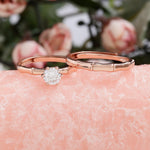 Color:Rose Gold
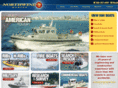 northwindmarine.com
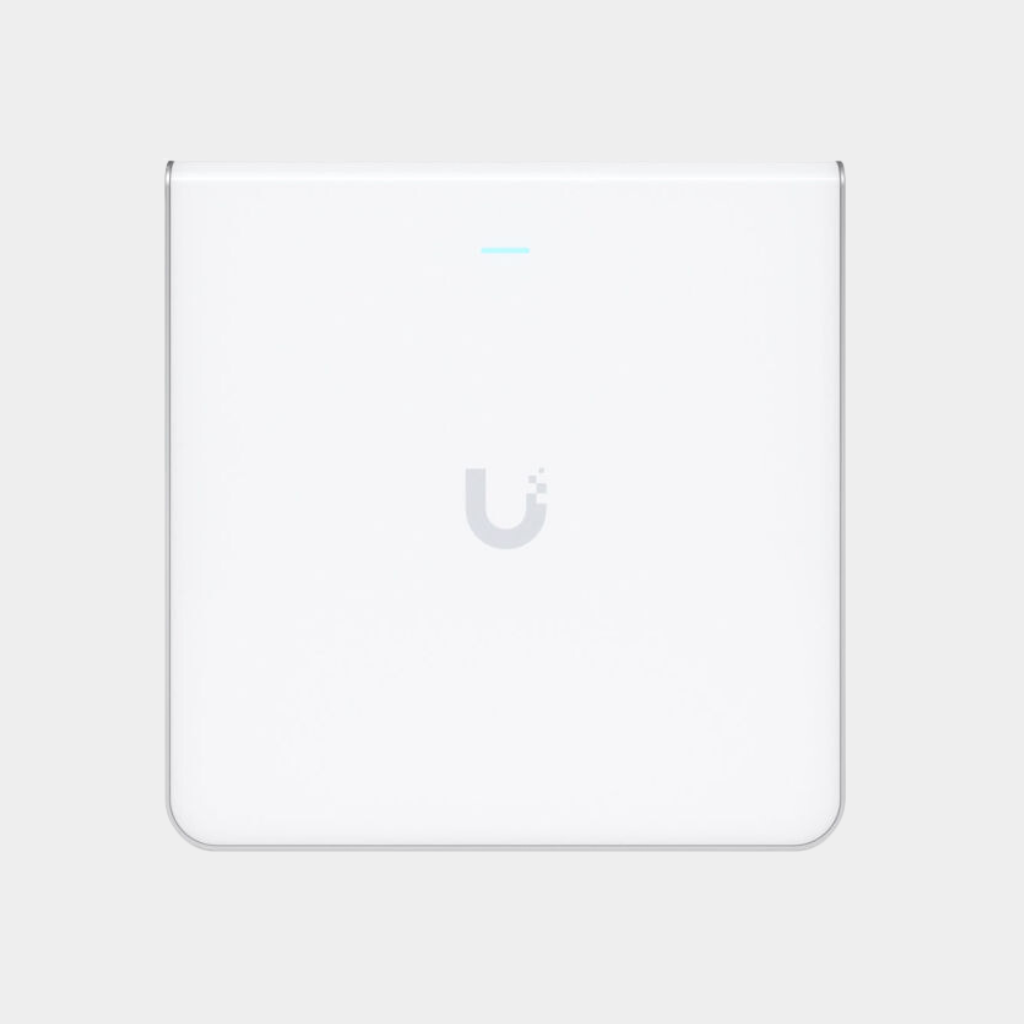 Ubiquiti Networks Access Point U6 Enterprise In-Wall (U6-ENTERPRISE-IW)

▸ **WHAT IS BEING ASKED**
When copying the data above, repeat every word exactly and drop the pictures.

▸ **WRITTEN ANSWER**
 Color:Rose Gold
 northwindmarine.com
 Ubiquiti Networks Access Point U6 Enterprise In-Wall (U6-ENTERPRISE-IW)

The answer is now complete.